As we can see, the above challenges can be solved using a RDBMS based storage
solution (and have been for years). But in this post, I’d like to suggest how to use a
combination of a Graph db and an RDBMS to reduce the pain in addressing these
challenges.
A Graph based solution
Approach:
First we will identify fact tables and dimension tables: Based on our model above,
it is obvious that the TRANSACTION table is our fact table and all others
would be dimension tables.
Then we will store all dimension data in a Graph db and store the transaction
data in an RDBMS.
The rationale for this is that dimensions are what Graphs are good at manipulating and
maintaining. There is not much churn on fact tables, but their normalized nature
tends to make them good candidates for the RDBMS.
Note that dimension tables tend to be smaller than fact tables in most domains.
But that has no bearing on the above strategy.
The implementation
We will use Neo4J for our Graph db and MySQL for our RDBMS.
Please download and install
neo4j (Should take ~ 5 mins!)
Then experiment with the sample movie db (should take no more than an hour max)
Then, in your browser at localhost:7474, copy and paste this into your command window and execute it.
CREATE (physicsPendulum: Book {id: '001', name: 'Physics Pendulum', price: 15})
CREATE (mathMayhem: Book {id: '002', name: 'Math Mayhem', price: 9})
CREATE (chemistryChaos: Book {id: '003', name: 'Chemistry Chaos', price: 11})
CREATE (trigTurpitude: Book {id: '004', name: 'Trignometry Turpitude', price: 17})
CREATE (theCornerPub: Publisher {id: '005', name: 'The Corner Pub'})
CREATE (theGoodPub: Publisher {id: '006', name: 'The Good Pub'})
CREATE (peteThePublisher: Publisher {id: '007', name: 'Pete the Publisher'})
CREATE (inBlackAndWhite: PrintingPress {id: '008', name: 'In Black And White'})
CREATE (theStencil: PrintingPress {id: '009', name: 'The Stencil'})
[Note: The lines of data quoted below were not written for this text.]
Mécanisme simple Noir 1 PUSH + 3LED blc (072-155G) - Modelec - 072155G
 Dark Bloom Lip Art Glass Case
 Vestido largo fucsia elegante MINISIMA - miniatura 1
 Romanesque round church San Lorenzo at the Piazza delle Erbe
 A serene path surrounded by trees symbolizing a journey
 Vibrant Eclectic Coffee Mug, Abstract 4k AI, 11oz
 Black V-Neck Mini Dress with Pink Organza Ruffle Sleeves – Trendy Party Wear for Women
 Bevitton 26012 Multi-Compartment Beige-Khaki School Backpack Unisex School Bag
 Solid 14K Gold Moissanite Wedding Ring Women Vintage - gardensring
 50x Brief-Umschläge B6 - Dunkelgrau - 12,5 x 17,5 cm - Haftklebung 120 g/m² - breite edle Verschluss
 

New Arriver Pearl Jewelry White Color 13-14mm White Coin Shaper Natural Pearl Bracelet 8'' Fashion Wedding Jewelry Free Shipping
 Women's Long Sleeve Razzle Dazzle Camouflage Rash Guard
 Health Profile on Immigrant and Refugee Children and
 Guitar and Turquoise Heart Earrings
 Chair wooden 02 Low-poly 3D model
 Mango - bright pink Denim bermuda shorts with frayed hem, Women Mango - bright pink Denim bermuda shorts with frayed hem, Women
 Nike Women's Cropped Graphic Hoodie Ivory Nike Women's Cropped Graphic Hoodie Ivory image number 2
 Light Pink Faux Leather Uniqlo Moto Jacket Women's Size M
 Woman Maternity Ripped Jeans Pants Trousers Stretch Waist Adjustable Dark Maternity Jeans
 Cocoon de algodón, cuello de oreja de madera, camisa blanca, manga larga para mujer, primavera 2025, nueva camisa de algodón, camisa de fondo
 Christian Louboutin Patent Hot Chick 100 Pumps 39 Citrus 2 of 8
CREATE (featherAndInk: PrintingPress {id: '010', name: 'Feather And Ink'})
CREATE (gautemala: Country {id: '011', name: 'Gautemala'})
CREATE (syria: Country {id: '012', name: 'Syria'})
CREATE (red: Color {id: '013', name: 'red'})
CREATE (blue: Color {id: '014', name: 'blue'})
CREATE (green: Color {id: '015', name: 'green'})
CREATE (hardcover: Packaging {id: '016', name: 'Hardcover'})
CREATE (paperback: Packaging {id: '017', name: 'Paperback'})
CREATE (booksNThings: Store {id: '018', name: 'Books and Things', city: 'Pittsburgh', state: 'PA'})
CREATE (bookWorm: Store {id: '019', name: 'Book Worm', city: 'Anahiem', state: 'CA'})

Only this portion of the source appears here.